Speed is also a serious consideration. A (hypothetical) three second delay would be entirely acceptable in medical transcription, but an eternity sitting in front of your computer waiting for a game to react time and time again. Perhaps the software is already efficient enough now, or perhaps that's a bridge yet to be crossed, but we'll never know unless someone tries.

Then of course there's the problem of how to manage increased interactivity in a new talkie adventure. Assuming the software understands most of our commands, more available interactions inevitably means more animations and/or dialogue. This is an issue of money, however, not technology. Ironically, it may well be that the early adopters need to rely more on text to respond to our voice commands, simply to account for the added possibilities. (Especially since I'd expect it to be an indie designer who takes on a challenge like this at first.) I could certainly live with that, as a first step at least.
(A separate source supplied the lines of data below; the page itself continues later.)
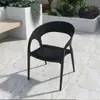 Cadeira Plástica de Exterior Cadeira com Encosto Estilo Rattan Cadeira para Pátio Externo Jardim Villa Cadeira com Encosto Plástico Espessado Cadeira para Loja de Bubble Tea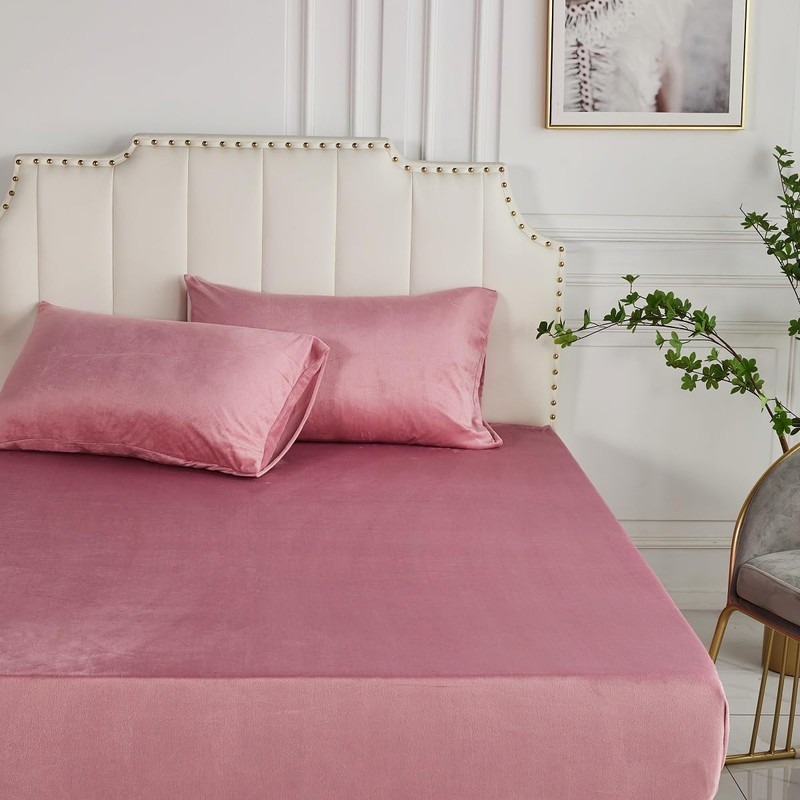 Fleece Fitted Sheet, 200 x 200 cm, Dusky Pink, Plush,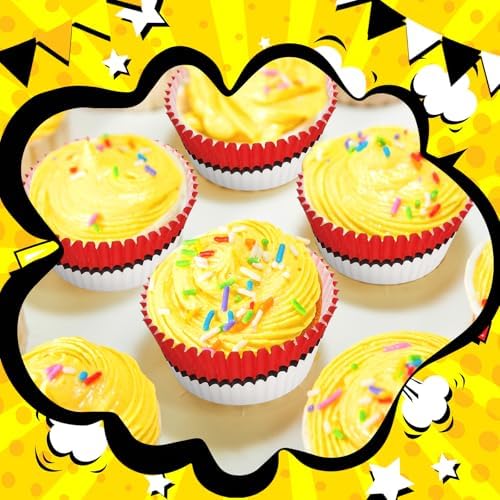 300 Pcs Red White Cupcake Liners for Baking and Parties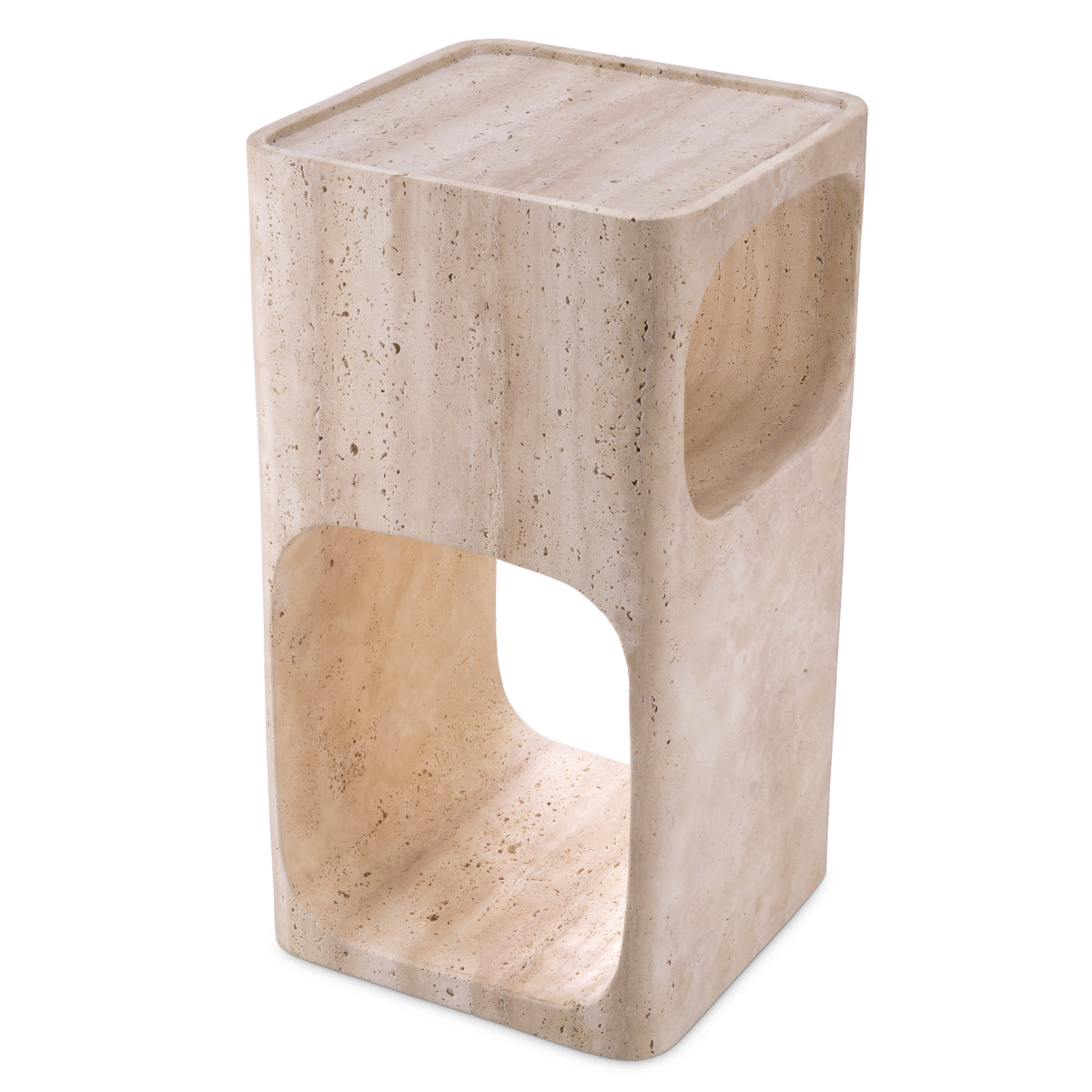 Travertine Stone Side Table Adler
It would probably be necessary to minimize visual presentation as well, perhaps forsaking third-person for first. Much like the text adventure, many possible interactions would likely need to be described rather than shown, or shown only briefly. I'm okay with that as well. Give me a funny text response to "sit on mailbox" or an unanimated image of the results (rather than the action displayed in progress) and I'll be satisfied. Then again, maybe "sit on" shouldn't be an option. Developers might want to minimize both the word recognition risk and overwhelming interactive contingencies by limiting the number of available commands at any one time. I don't think a full-blown return to text adventure-level freedom is particularly advisable in this case.

Imagine playing a game like Eric the Unready with hi-res graphics and full speech recognition

So how to restrict options without resorting to the dreaded, arbitrary "no"? Why not something along the lines of early Legend Entertainment titles like Eric the Unready or the Gateway and Spellcasting series. More flexible (but less cinematic) than SCUMM, these games provided a large list of clickable actions, some of them tailored to current circumstances, along with another list of accompanying objects to try using them on. (They also included a pure text parser for additional experimentation, but little or no actual typing was required.) With a 21st century talkie, rather than clicking you'd simply verbalize your commands instead.
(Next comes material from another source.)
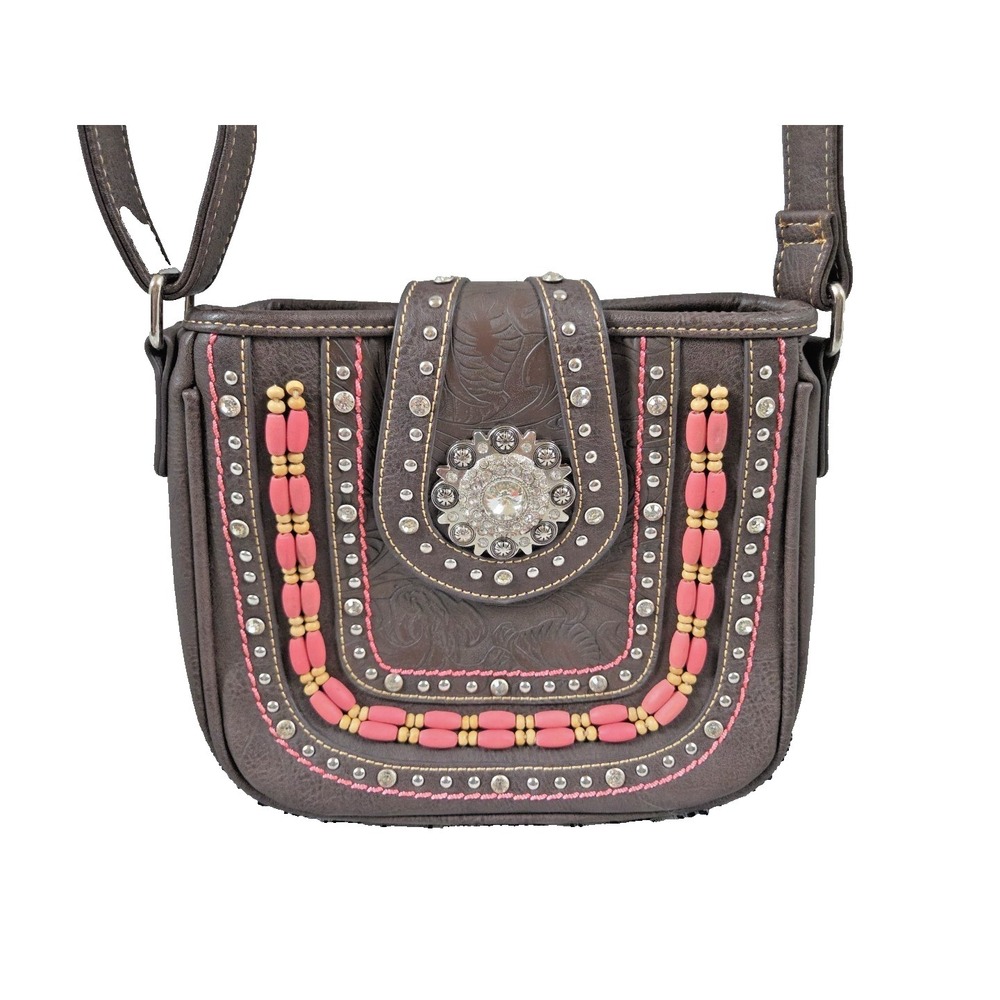 Montana West Purse Brown Leather Pink Tan Beads Rhinestone Concho‎ Clasp Western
That may not seem like much of a change on paper, but I suspect the effect would be profound. First, by dramatically increasing the number of actions from the current one- or two-click formula, players would feel far more personally invested in games again. And where constantly typing or clicking text on screen used to feel more finicky than fun, sitting back in a comfy chair and vocally directing events on screen would restore the feeling that you're in control of the game, not vice versa. Freed from the shackles of keyboard, mouse, and even trackpads, there would be no more "awkward interface" complaints (well, there could be, but they'd now be easily avoidable), and you wouldn't need to be chained to a desk. Such games would work great on an Android phone, an iPad, your laptop, or even your big screen TV.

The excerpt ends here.